Entró en su despacho, cerró la puerta con cuidado y, a continuación, se quedó quieto, mirando la mochila que había debajo de su mesa vacía. Contenía todo lo que poseía, pues dudaba que volviese a ver de nuevo las pertenencias de su propiedad que había dejado en casa de Charlotte. Probablemente, para la hora de comer se las habría llevado. Estarían quemándose, tiradas en la calle, rajadas y machacadas, empapadas en lejía. La taladradora sonaba sin cesar en la calle, debajo del despacho.
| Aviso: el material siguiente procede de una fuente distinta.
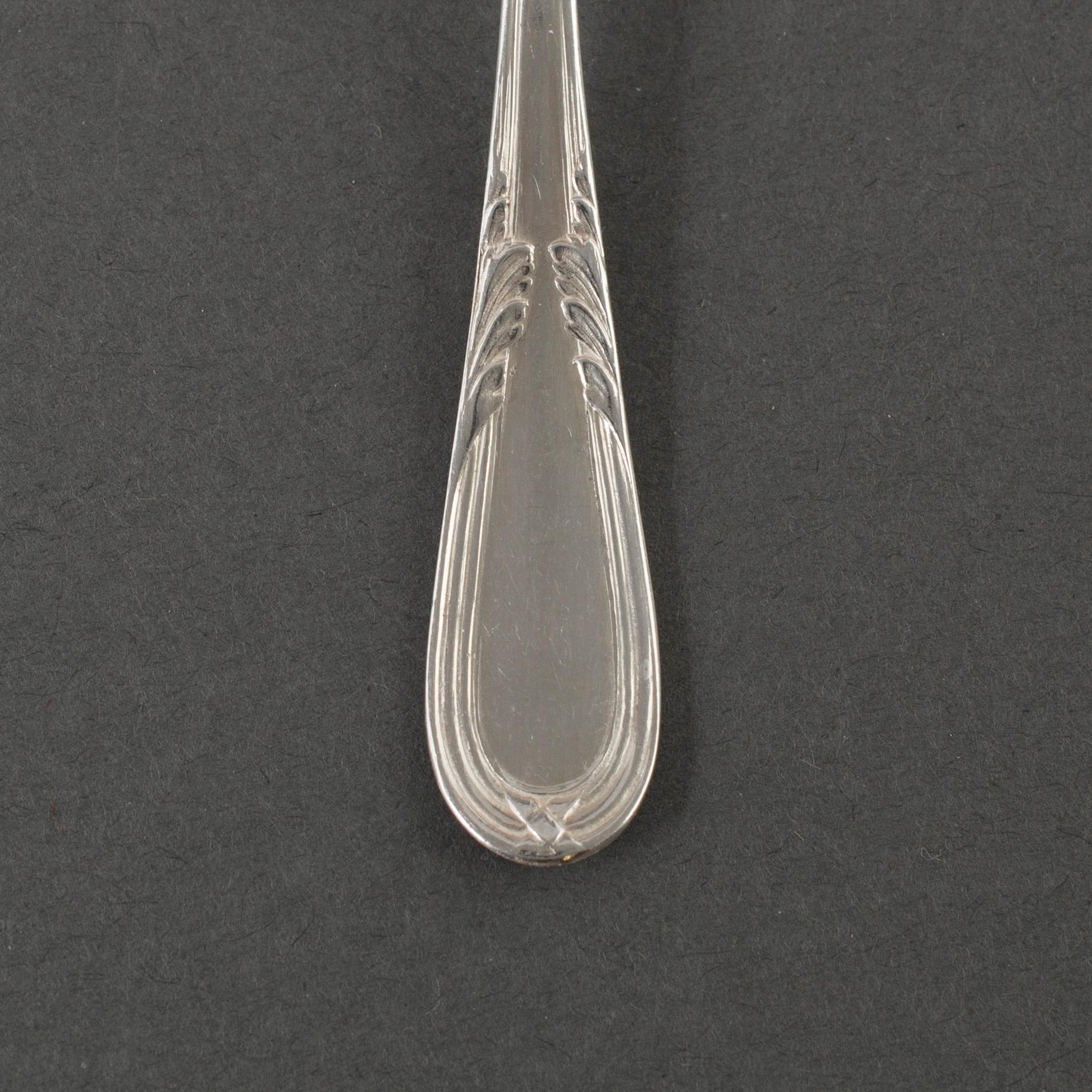 KAFFE-OCH DESSERTSKEDAR, silver, AG Dufva, Stockholm, 1924.  Totalvikt 530 gram.
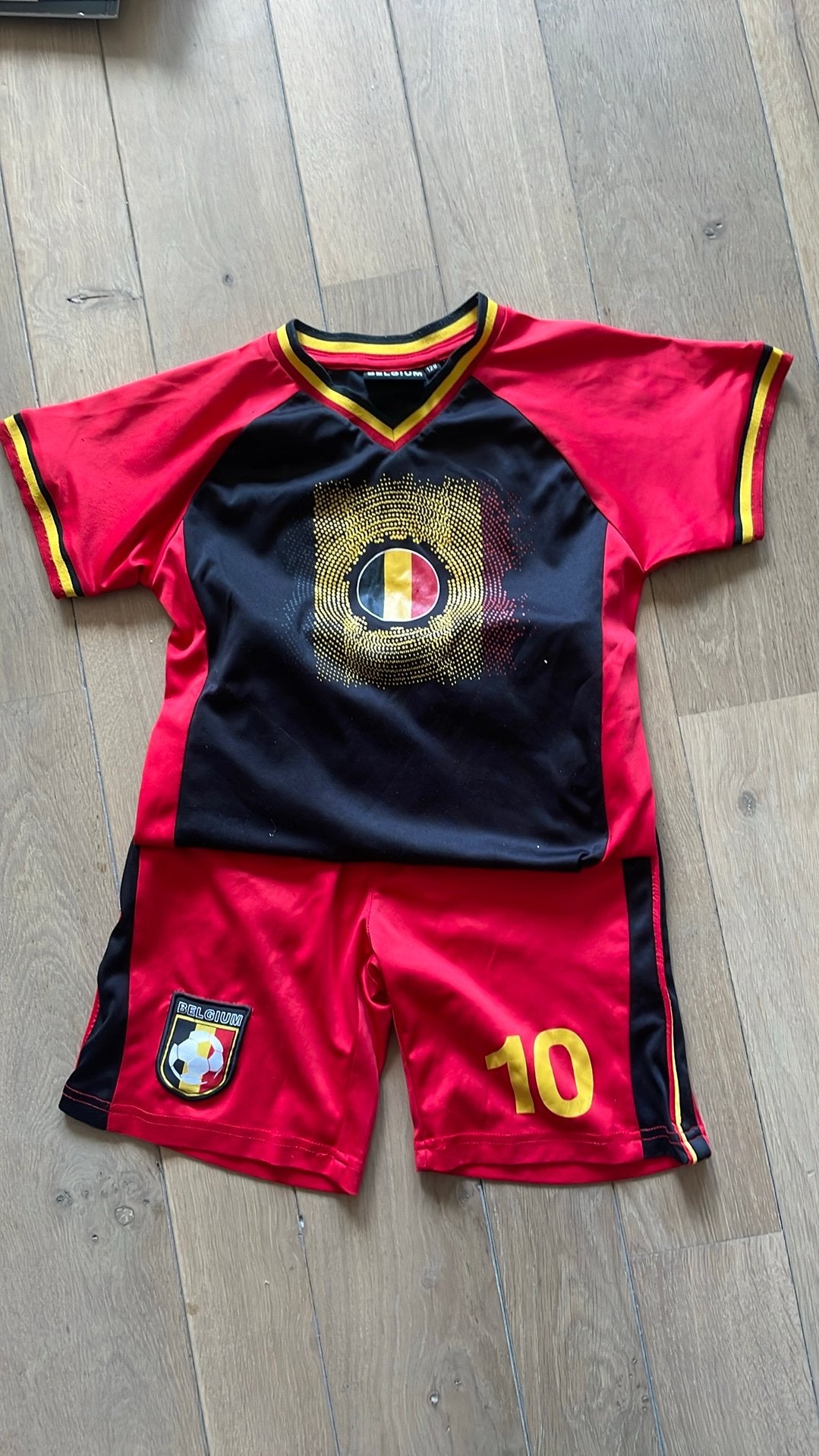 Voetbalpakje Belgium rode duivels 10 maat 128, Ophalen of Verzenden, Zo goed als nieuw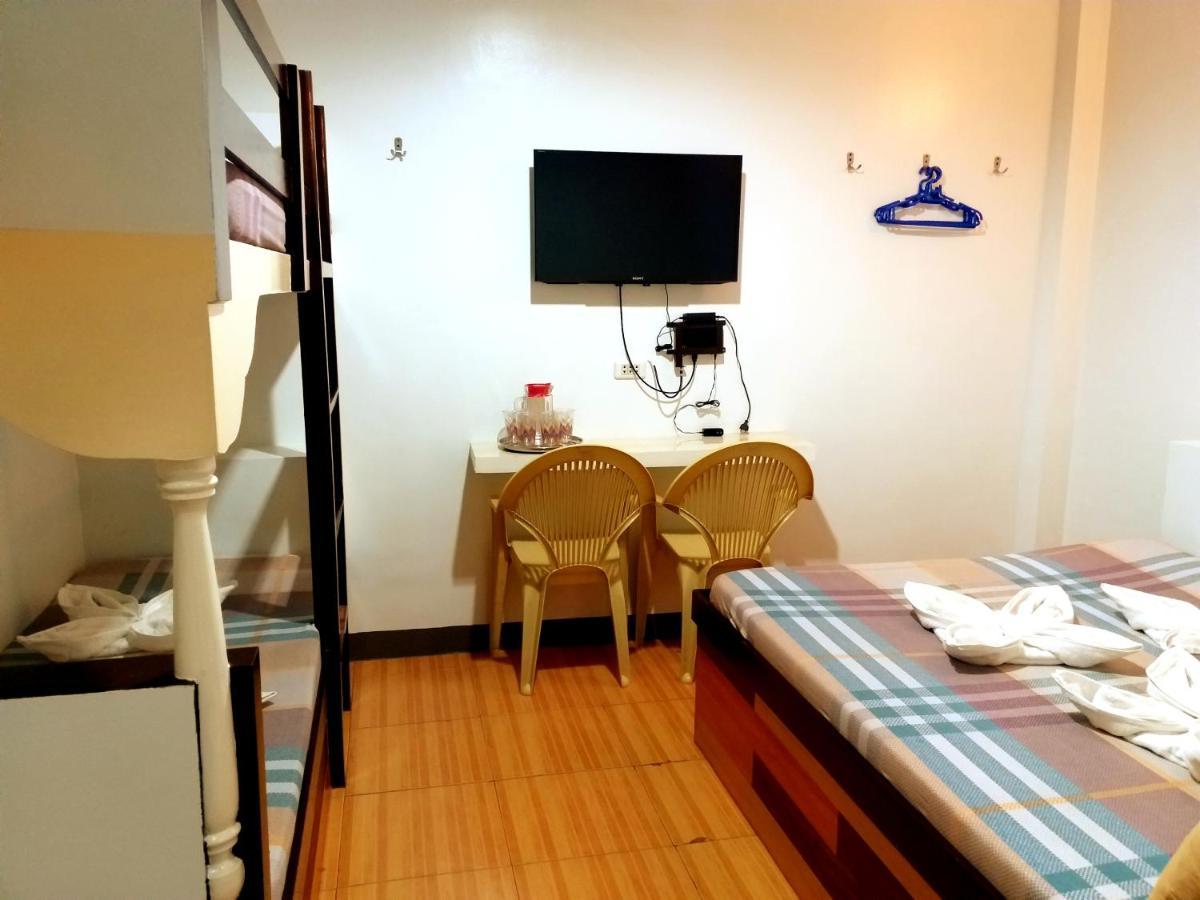Sola Eleganza Apartelle Quezon City Exteriör bild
Y ahora la imposibilidad de devolver sus numerosísimas deudas, las desastrosas consecuencias que acarrearía el inminente fracaso de su negocio, la acechante, desconocida pero inevitable continuación terrible tras haber dejado a Charlotte. En pleno agotamiento, la tristeza de todo aquello parecía levantarse frente a él en una especie de caleidoscopio de horror.
Apenas sin darse cuenta de que se había movido, se vio de vuelta en el sillón en el que había pasado la última parte de la noche. Desde el otro lado del poco sólido muro de separación llegaban sonidos de movimientos. Sin duda, la solución temporal había encendido el ordenador y, en poco tiempo, descubriría que no había recibido ningún correo electrónico relacionado con el trabajo en tres semanas. Después, a petición suya, empezaría a abrir sus últimos avisos. Agotado, dolorido y hambriento, Strike apoyó de nuevo la cara sobre el escritorio y rodeó sus ojos y oídos con los brazos para no tener que escuchar mientras su humillación quedaba revelada ante una desconocida en la habitación de al lado.